Die GEEDRA hatte inzwischen schon wieder die garamitische Küste erreicht. Von dem inzwischen im Süden mit furchtbarer Wut tobenden Krieg war in diesen Gewässern nichts mehr zu spüren.

"Ihr habt alles erreicht, was Ihr wolltet, mein König", sagte Norjan an Kryll gewandt. "Ihr habt den Ring und den Spiegel. Mit Hilfe dieser magischen Waffen werden wir Pragan verteidigen können!"

"Wir werden ein Tor bauen!", beharrte Kryll.

"Ein Tor? Wozu das noch?", rief Norjan. "Ihr könntet unsere Gegner mit der Magie des Ringes zurückschlagen!"

"Das schon. Aber ich will mehr..."

Norjan zog den jungen König etwas bei Seite.

"Ich traue dem Namenlosen und seinen Schattengeschöpfen nicht so recht..."

"Aus welchem Grund?"

"Nun, ein König, es ist nur ein Gefühl..."

"Ach, hört auf mit Euren Gefühlen."

"Wir sollten die Schatten nicht in unsere Welt holen, wenn es einen anderen Weg gibt."

Kryll verengte die Augen.

"Aber Ihr selbst habt mir vor einiger Zeit gesagt, dass die Kreaturen des Schattenlandes eine Möglichkeit zur Lösung unserer Probleme darstellen."

"Damals kannte ich die Macht des Ringes noch nicht!
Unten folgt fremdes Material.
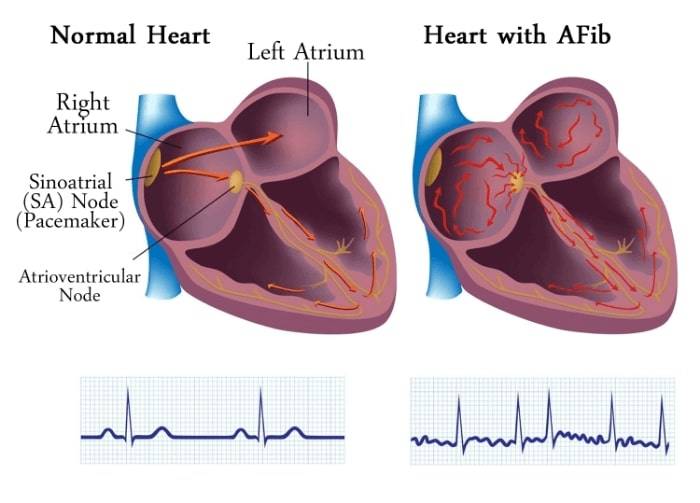 ما هو AFib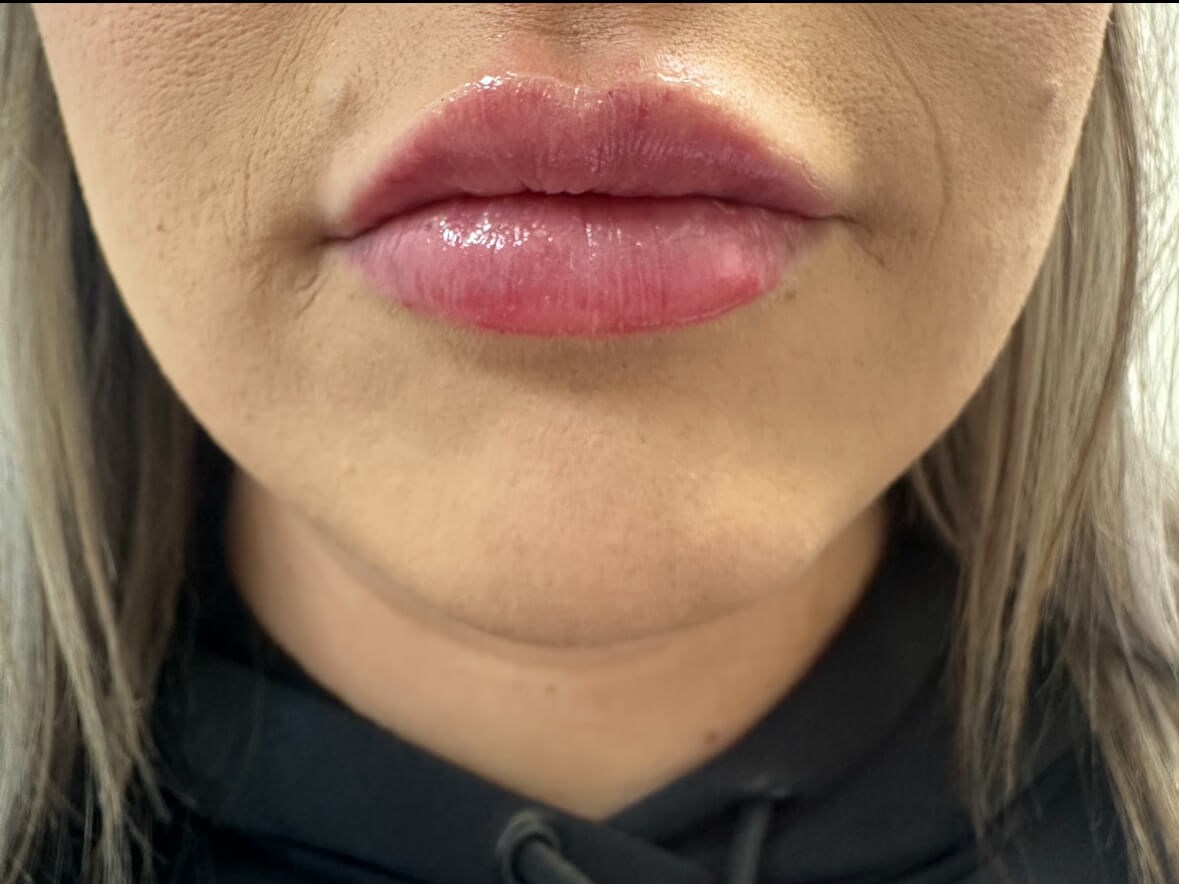 Lip Filler Juvederm Ultra XC After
Seid Ihr denn blind, mein König, dass Ihr nicht erkennt, dass wir uns mit den Schatten etwas in unsere Welt holen, was wir nicht richtig kennen? Was wollt Ihr zum Beispiel tun, wenn dieser Tarak uns betrügt?"

Kryll warf einen kurzen Blick in Richtung des Namenlosen, der am anderen Ende der GEEDRA stand.
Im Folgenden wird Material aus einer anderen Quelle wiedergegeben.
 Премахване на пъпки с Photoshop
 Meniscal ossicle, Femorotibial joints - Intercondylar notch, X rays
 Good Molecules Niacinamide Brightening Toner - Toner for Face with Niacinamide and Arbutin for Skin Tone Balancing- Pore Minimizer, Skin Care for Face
"Er wird uns nicht betrügen!"

"Was macht Euch so sicher? Hat die Gier nach Macht Euch bereits so verblendet, dass Ihr es nicht mehr fertigbringt, vernünftig zu denken?"

"Ich glaube, Ihr versteht mich falsch, Freund Norjan!" Er zog ihn näher zu sich heran. "Bevor Tarak die Gelegenheit erhält, mich zu betrügen, werde ich ihn betrügen", flüsterte der König dann kaum hörbar.
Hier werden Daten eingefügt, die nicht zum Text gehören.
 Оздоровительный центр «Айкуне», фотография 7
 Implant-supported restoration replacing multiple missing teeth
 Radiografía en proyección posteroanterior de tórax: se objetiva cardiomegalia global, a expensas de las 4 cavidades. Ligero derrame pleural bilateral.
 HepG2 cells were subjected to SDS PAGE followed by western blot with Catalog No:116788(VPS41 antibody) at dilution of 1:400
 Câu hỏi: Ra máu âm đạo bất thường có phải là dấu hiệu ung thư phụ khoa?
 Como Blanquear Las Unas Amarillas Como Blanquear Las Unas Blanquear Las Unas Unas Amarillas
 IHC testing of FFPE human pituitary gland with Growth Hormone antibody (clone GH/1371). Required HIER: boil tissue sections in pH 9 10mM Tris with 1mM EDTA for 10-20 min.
"Ich glaube, Ihr stellt Euch die Sache zu einfach vor, mein König", meinte Norjan mit sorgenvoller Miene. "Ihr könnt doch noch gar nicht abschätzen, über welche Macht Tarak tatsächlich verfügt."

"Ich weiß, Freund Norjan. Das ist ein gewisses Problem."

"Mein König, ich kann Euch nur beschwören! Für die Lösung der Probleme unseres Land reicht die Macht des Ringes und das Wissen des Spiegels aus!"

Kryll zuckte mit den Schultern.

Aber es war keineswegs so, dass er sich unschlüssig war, oder dass der alte Ritter irgendeinen ernsthaften Zweifel hätte nähren können.

Der König schien mit seiner Geste eher Gleichgültigkeit gegenüber Norjans Einwänden zu signalisieren. Kryll hatte sich längst entschieden, welchen Weg er gehen würde.

Dennoch fuhr der alte Ritter fort: "Überlegt doch, mein König! Die Zeit wird für Pragan arbeiteten! Der Krieg im Süden könnte sich noch weiter ausbreiten. Es könnte sein, dass auch Dagarien bald in den Krieg hineingezogen wird und Dagarien ist der einzige feste Verbündete der Remurier!"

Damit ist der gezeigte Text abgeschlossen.